では、都市ガスは何が原料なのでしょうか。
それが今回お話しする「天然ガス」です。
日本は原料になる石油と天然ガスを輸入に頼っています。
ガスということは気体なので運ぶのは大変に思われるかもしれませんが、天然ガスをマイナス160℃という超低温に冷やすことで液体にして貯蔵しやすくしています。
この液体状の天然ガスのことを「液体天然ガス」、英語で“Liquefied natural gas”、略称で「LNG(エルエヌジー)」と呼ばれます。
天然ガスを液体状のLNGにするのにはメリットがあります。
それは気体の状態から液体にすると、体積(大きさ)が気体の時と比べて600分の1になる所です。

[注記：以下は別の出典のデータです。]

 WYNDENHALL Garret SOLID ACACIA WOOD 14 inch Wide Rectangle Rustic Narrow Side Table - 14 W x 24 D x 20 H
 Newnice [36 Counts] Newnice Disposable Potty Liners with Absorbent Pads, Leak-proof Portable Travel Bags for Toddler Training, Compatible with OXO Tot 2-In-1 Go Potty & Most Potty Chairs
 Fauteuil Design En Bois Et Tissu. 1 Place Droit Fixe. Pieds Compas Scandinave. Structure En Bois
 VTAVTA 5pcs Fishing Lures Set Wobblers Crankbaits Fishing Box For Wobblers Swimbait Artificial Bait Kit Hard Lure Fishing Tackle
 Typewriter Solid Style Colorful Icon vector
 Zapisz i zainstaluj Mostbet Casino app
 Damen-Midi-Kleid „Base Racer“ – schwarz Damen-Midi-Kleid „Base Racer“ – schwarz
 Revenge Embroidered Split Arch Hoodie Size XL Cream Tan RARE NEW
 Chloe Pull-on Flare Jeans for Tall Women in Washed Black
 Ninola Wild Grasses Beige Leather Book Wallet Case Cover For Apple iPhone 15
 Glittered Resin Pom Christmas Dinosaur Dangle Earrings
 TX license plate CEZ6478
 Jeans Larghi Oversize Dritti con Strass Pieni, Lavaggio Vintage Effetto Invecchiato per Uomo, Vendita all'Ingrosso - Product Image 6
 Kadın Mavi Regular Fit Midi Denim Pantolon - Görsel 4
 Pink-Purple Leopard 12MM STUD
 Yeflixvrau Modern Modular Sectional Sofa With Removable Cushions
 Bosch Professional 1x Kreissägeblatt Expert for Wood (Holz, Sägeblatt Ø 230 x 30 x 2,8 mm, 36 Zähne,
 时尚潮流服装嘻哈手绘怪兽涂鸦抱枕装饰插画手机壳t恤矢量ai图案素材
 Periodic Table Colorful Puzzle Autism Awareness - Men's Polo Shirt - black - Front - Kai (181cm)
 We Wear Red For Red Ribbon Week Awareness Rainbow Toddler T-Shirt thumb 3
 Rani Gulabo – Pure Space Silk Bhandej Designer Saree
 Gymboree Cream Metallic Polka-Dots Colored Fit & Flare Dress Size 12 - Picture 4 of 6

これは、25mのプールの水量が大体500~600㎥なので、その水が約1㎥‘(1000リットル)になるので、家庭用のお風呂が一回につき大体200リットルのお湯を張っているため、お風呂5回分の水量の大きさまでに縮小できるということになります。
こうして体積を小さくしたLNGを巨大なタンカーに満載して運ぶことによって大量の天然ガスを輸入することが出来ているのです。
これはマイナス162℃の温度で保管しなければならない「保管の難しさ」というデメリットはありますが、それを上回る大きなメリットです。
先ほど天然ガスをLNGにするには「マイナス160℃」まで冷却する必要があり、また保管するには「マイナス162℃」にしなければならないと述べていましたが、この違いは何なのでしょうか。
天然ガスは気体の状態で地中に存在するメタンやエタンなどが混ざった可燃性のガスのことです。
これを採取、封入して運ばれているわけですが、液体にするためには沸騰温度(沸点)を下回らなければなりません。
この沸点が天然ガスの場合、常圧の環境ではマイナス160℃なのですが、天然ガスの主成分である「メタンガス」の沸点はマイナス161.5℃なのです。
沸点を下回らなければ液体にならないはずですが、それでも天然ガスはLNGにすることが出来ています。
これらの理由はメタンガス以外の成分にあります。
そもそもの天然ガスの成分はメタン、エタン、プロパン、ブタン、ペンタンといった炭素化合物や窒素によって構成されています。
これらの成分は産出される場所によって割合が少しずつ異なってきます。
産地による成分の違いの例(単位は mol/100mol)
産地 | メタン | エタン | プロパン | ブタン | ペンタン | 窒素 |
ケナイ(アラスカ) | 99.8 | 10.07 | 0.00 | 0.00 | 0.00 | 0.12 |
ルムート(ブルネイ) | 89.83 | 5.89 | 2.92 | 1.30 | 0.04 | 0.02 |
ダス(アブダビ) | 82.07 | 15.86 | 1.86 | 0.13 | 0.00 | 0.05 |
主な成分は上記のものですが、他にも水・炭酸ガス・硫黄酸化物・硫化水素・二酸化炭素などを不純物として含んでいる場合があります。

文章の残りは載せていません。